**Instructions to follow:** What follows is a set of records. Copy them exactly and leave out the images.

[Opening Material for the task section]

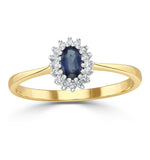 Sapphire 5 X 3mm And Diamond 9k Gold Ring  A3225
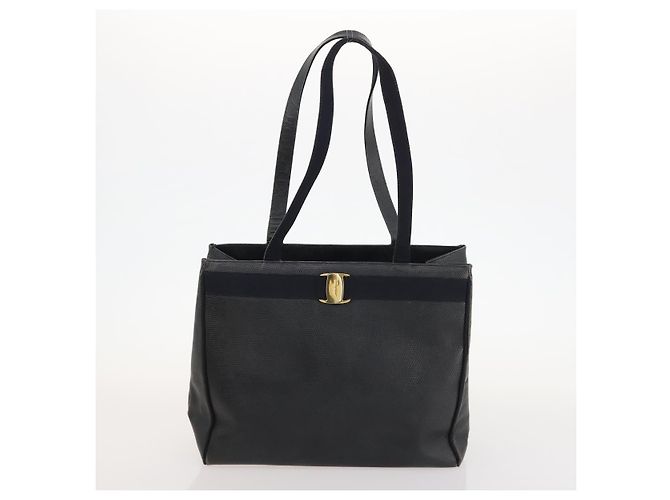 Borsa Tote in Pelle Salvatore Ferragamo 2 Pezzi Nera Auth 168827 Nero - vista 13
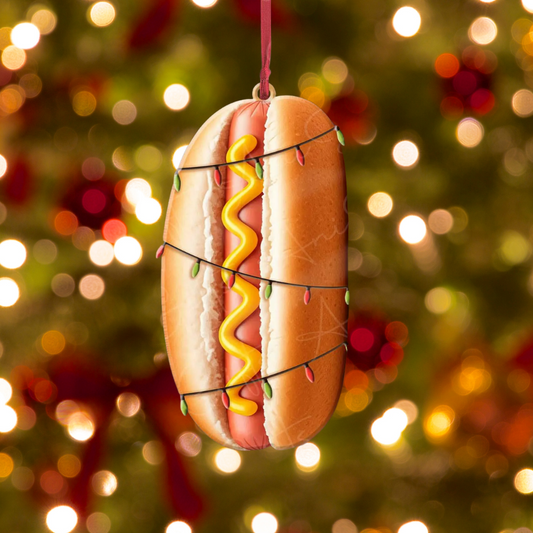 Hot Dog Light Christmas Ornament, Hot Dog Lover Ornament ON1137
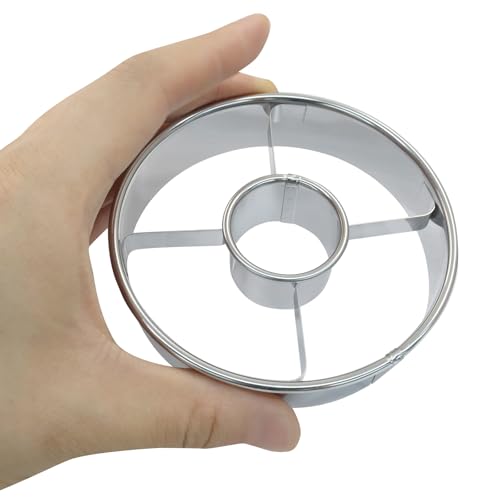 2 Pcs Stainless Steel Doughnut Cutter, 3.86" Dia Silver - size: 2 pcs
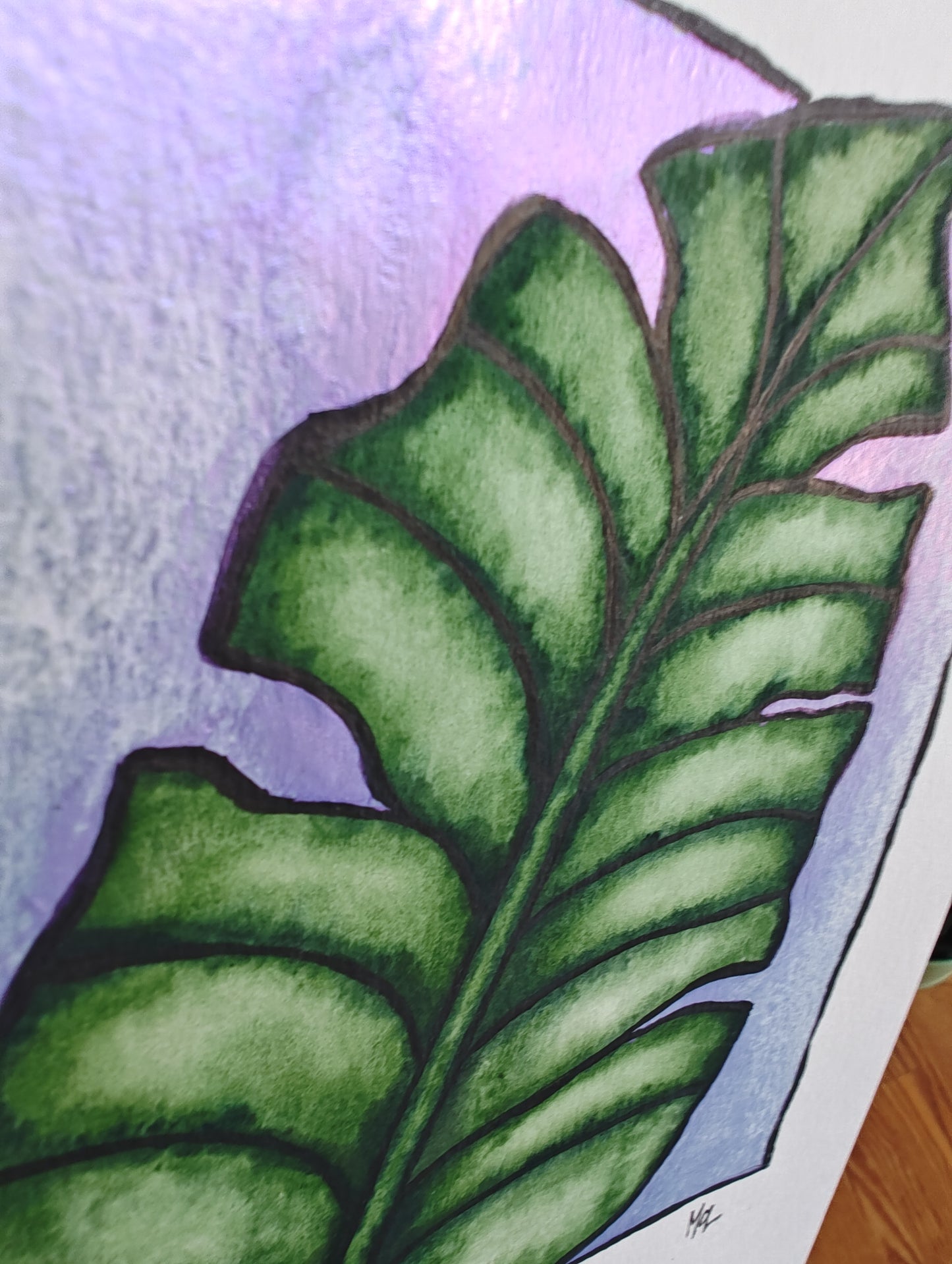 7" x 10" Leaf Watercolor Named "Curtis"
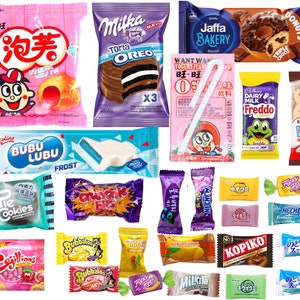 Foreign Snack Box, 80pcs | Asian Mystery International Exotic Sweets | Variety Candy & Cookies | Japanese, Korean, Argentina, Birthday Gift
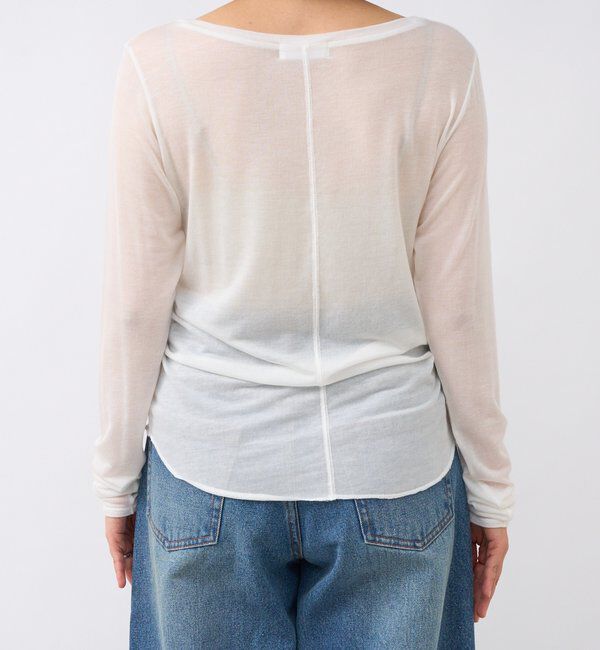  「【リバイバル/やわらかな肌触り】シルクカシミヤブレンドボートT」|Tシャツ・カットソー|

[Closing Material for the task section]

**Response to this exercise:**
 Sapphire 5 X 3mm And Diamond 9k Gold Ring  A3225
 Borsa Tote in Pelle Salvatore Ferragamo 2 Pezzi Nera Auth 168827 Nero - vista 13
 Hot Dog Light Christmas Ornament, Hot Dog Lover Ornament ON1137
 2 Pcs Stainless Steel Doughnut Cutter, 3.86" Dia Silver - size: 2 pcs
 7" x 10" Leaf Watercolor Named "Curtis"
 Foreign Snack Box, 80pcs | Asian Mystery International Exotic Sweets | Variety Candy & Cookies | Japanese, Korean, Argentina, Birthday Gift
  「【リバイバル/やわらかな肌触り】シルクカシミヤブレンドボートT」|Tシャツ・カットソー|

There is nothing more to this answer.